Segment Open

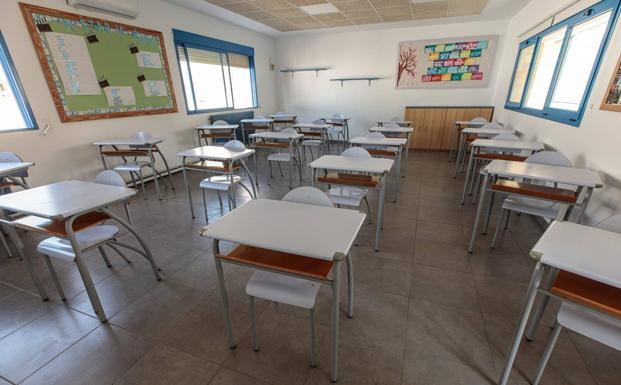 Alumnos y docentes con factores de riesgo: ¿van a clase?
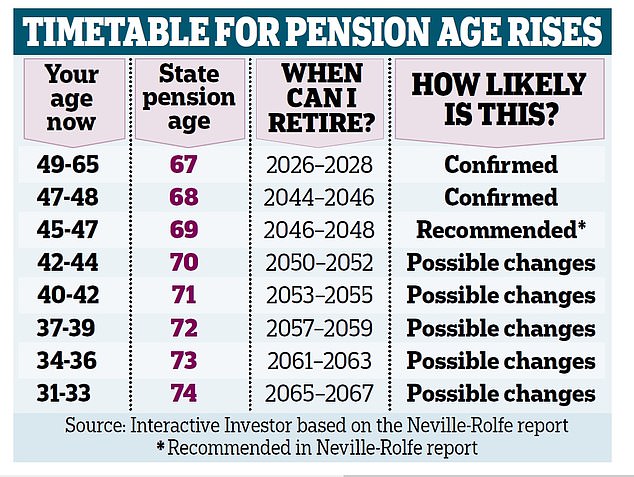 So what age will YOU get a pension After Waspi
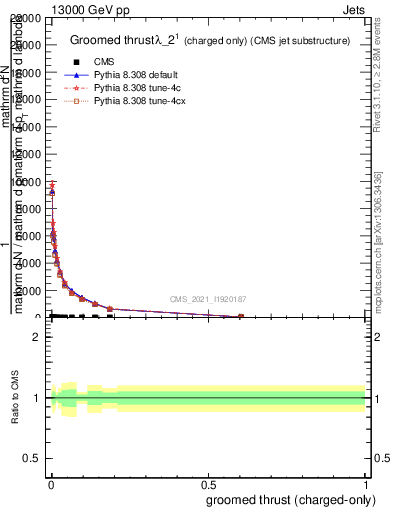 Plot of j.thrust.gc in 13000 GeV pp collisions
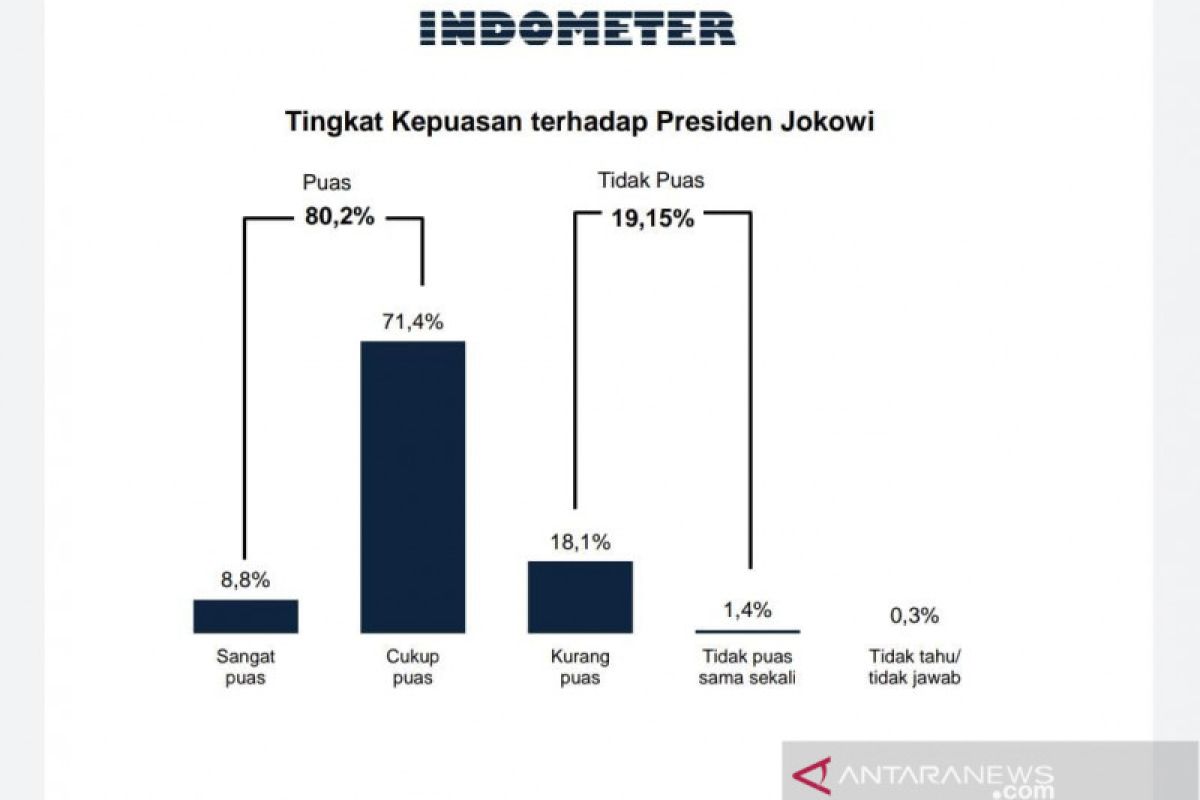 Survei Indometer: 80 persen publik puas dengan kinerja Presiden Jokowi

Segment Closed

DESCRIPTION OF THE TASK: Produce the full material again verbatim, with the pictures dropped.

REPLY:
 Alumnos y docentes con factores de riesgo: ¿van a clase?
 So what age will YOU get a pension After Waspi
 Plot of j.thrust.gc in 13000 GeV pp collisions
 Survei Indometer: 80 persen publik puas dengan kinerja Presiden Jokowi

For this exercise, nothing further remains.